- GIVEN RECORDS
______

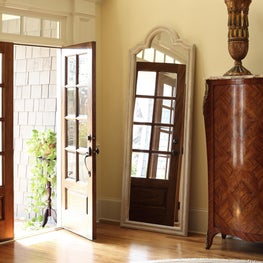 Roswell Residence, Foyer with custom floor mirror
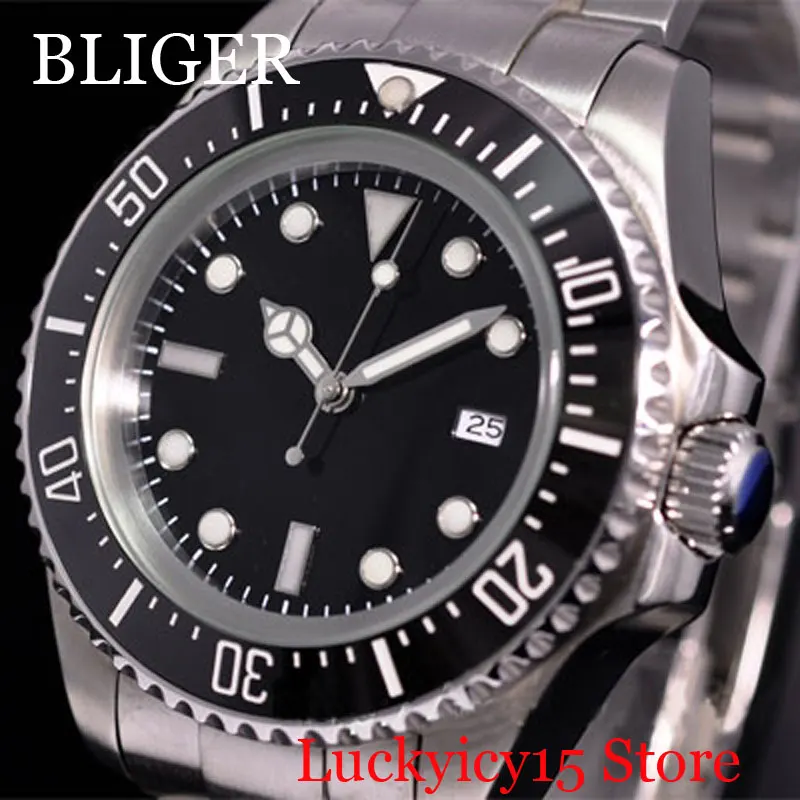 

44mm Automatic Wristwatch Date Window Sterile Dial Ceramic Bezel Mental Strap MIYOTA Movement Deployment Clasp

______

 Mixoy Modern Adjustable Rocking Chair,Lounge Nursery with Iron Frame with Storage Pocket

______

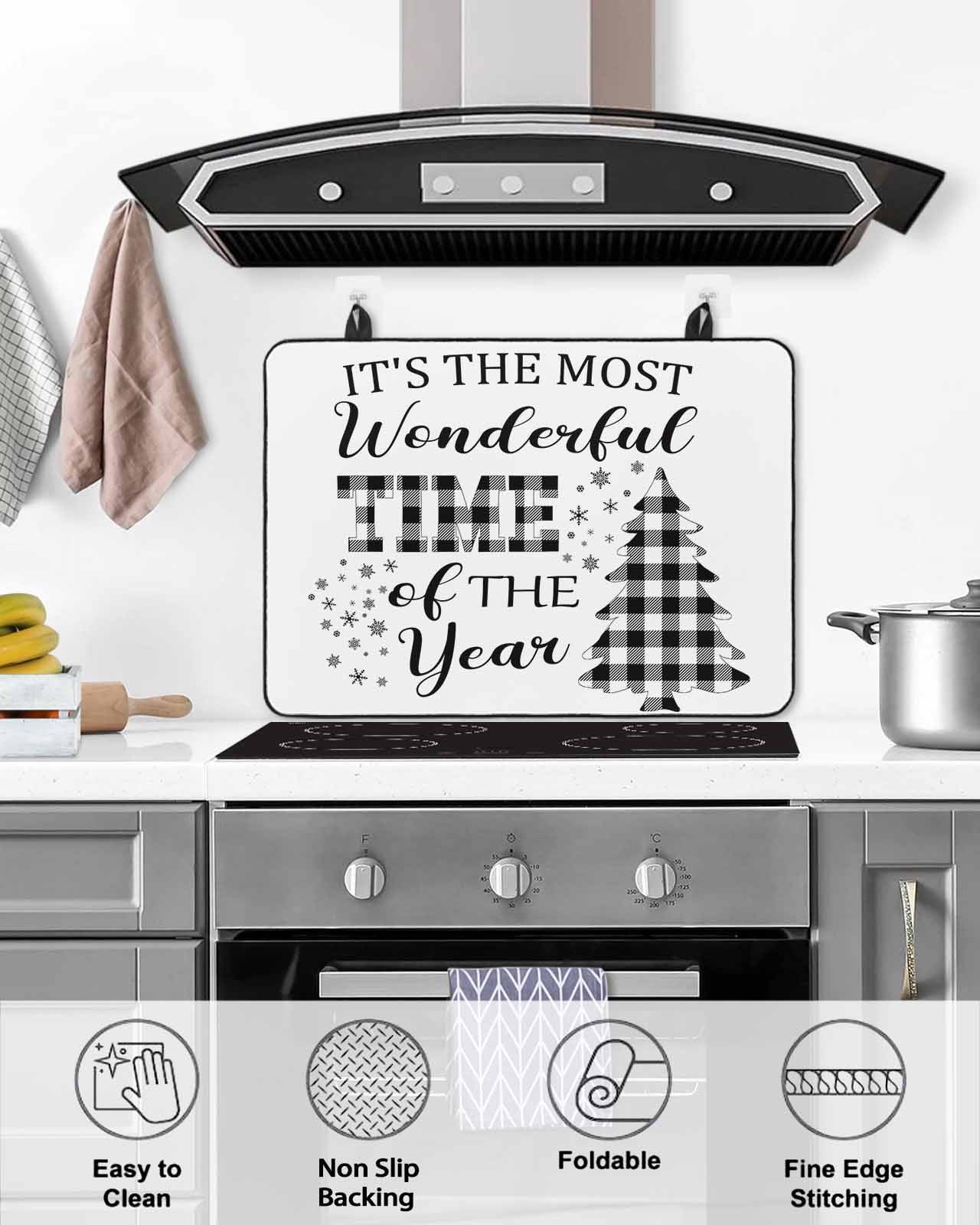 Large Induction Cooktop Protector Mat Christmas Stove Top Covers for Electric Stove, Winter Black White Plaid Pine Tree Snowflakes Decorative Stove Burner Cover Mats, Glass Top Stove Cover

______

- REQUIREMENT
From the material above, output only the span of lines that starts at the one containing "Roswell Residence, Foyer" and finishes at the one containing "44mm Automatic Wristwatch", word for word and free of pictures.

- SOLUTION TO THIS TASK
 Roswell Residence, Foyer with custom floor mirror

44mm Automatic Wristwatch Date Window Sterile Dial Ceramic Bezel Mental Strap MIYOTA Movement Deployment Clasp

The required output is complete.